I have a burning, insatiable desire to be up-to-date. I want to read every important news story, listen to every hot band, and watch every great TV show and movie. Basically, I wanna know everything about everything, all the time. Stupid, I know.
Movies and TV shows nicely satisfy my urge simply because I have to take at least forty minutes out of my life to watch them. I can't very well watch ten movies/TV shows at the same time. (Though I did see a particularly dorky roommate use his Game Boy, play Final Fantasy X-2, and watch Star Trek: The Next Generation simultaneously. Said effort entails a sincere aversion to ever having sex with a girl.)
Music, on the other hand, is terrible for my MediaDD (sorry, had to do it). I'm wont to throw "Blogbuzz Hinsdale" (a playlist, named after the National song, of all the stuff I get from music blogs) on random, steer Firefox towards the Hype Machine (where I can download all of the week's most popular tracks), and have another window open to the "Music" folder of my Google Reader account. A long sentence for a long list of crap I try to do at once.

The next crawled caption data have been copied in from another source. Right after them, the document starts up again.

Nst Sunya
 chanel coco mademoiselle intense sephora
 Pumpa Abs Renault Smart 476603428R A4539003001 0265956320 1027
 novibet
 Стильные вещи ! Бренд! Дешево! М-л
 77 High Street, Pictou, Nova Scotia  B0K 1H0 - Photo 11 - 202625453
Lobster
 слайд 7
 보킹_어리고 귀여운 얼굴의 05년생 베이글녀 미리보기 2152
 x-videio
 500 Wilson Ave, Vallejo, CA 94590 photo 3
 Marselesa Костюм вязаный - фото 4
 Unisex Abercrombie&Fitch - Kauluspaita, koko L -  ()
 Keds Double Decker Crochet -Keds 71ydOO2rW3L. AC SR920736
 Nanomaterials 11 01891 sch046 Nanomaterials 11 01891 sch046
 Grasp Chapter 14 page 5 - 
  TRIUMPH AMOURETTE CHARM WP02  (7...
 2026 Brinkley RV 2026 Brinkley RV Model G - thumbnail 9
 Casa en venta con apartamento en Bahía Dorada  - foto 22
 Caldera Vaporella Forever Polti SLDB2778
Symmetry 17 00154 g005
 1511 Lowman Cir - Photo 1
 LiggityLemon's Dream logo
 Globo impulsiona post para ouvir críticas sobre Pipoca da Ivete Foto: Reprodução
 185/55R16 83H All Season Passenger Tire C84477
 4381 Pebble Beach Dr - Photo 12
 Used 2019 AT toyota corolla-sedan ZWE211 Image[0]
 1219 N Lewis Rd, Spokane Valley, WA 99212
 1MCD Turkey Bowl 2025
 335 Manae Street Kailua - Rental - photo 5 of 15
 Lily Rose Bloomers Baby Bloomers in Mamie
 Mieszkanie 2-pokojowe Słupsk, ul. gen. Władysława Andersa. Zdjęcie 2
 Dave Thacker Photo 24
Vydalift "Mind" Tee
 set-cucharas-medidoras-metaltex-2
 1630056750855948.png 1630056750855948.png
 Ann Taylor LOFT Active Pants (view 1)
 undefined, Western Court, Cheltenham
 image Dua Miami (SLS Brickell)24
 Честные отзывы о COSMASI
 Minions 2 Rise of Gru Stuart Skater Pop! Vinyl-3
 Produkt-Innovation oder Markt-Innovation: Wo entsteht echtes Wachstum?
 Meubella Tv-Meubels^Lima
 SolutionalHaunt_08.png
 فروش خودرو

As you can imagine, this ritual puts the emphasis more on collection than appreciation. I gobble up all the music I can, listen to it once or twice, and can nod knowingly when someone cooler than me mentions them in conversation ("Ariel Pink? 'Round and Round' [one of two songs I've heard by them] is solid").
So for a band or song to stop the ol' brain-wheels from spinning, the thing has to be pretty earth-shattering. Not necessarily in sound, though; the xx are as coy can be, but I was stuck on that record for a minute. But I certainly don't mind when a band does sound earth-shattering.
In terms of tectonic metaphors, Sleigh Bells most definitely fit the bill. Colossal, towering, Godzillian: these two Brooklynites evoke every synonym for "big" a blogger can muster.
And a-musterin' they've been. More metaphorical ink has been spilled on Sleigh Bells than just about any other band in recent memory. I'll let Vulture summarize Sleigh Bells' meteoric rise from CMJ breakouts to JoBro tweet fodder, though.
I have the privilege of actually reviewing the fruits of Sleigh Bells' considerable labor, their titanic (read: big) debut album, Treats, which was released yesterday on iTunes. Let the slobbering commence.
HOLY FUCK, IS THIS THING WORLD-ENDINGLY GREAT. HOW ON EARTH DID I EVER LIVE WITHOUT THIS ALBUM?
Vocalist Alexis Krauss and guitarist/producer/songwriter/GENIUS OF UNPARALLELED STATURE Derek Miller have assembled one of the most exciting records I've heard in a long, long time. And, to make things even better, Krauss got her start in a teen girl group called "Rubyblue" (yup, one word), and Miller is an alumnus of Florida post-hardcore vets Poison the Well. So this sorta came out of nowhere.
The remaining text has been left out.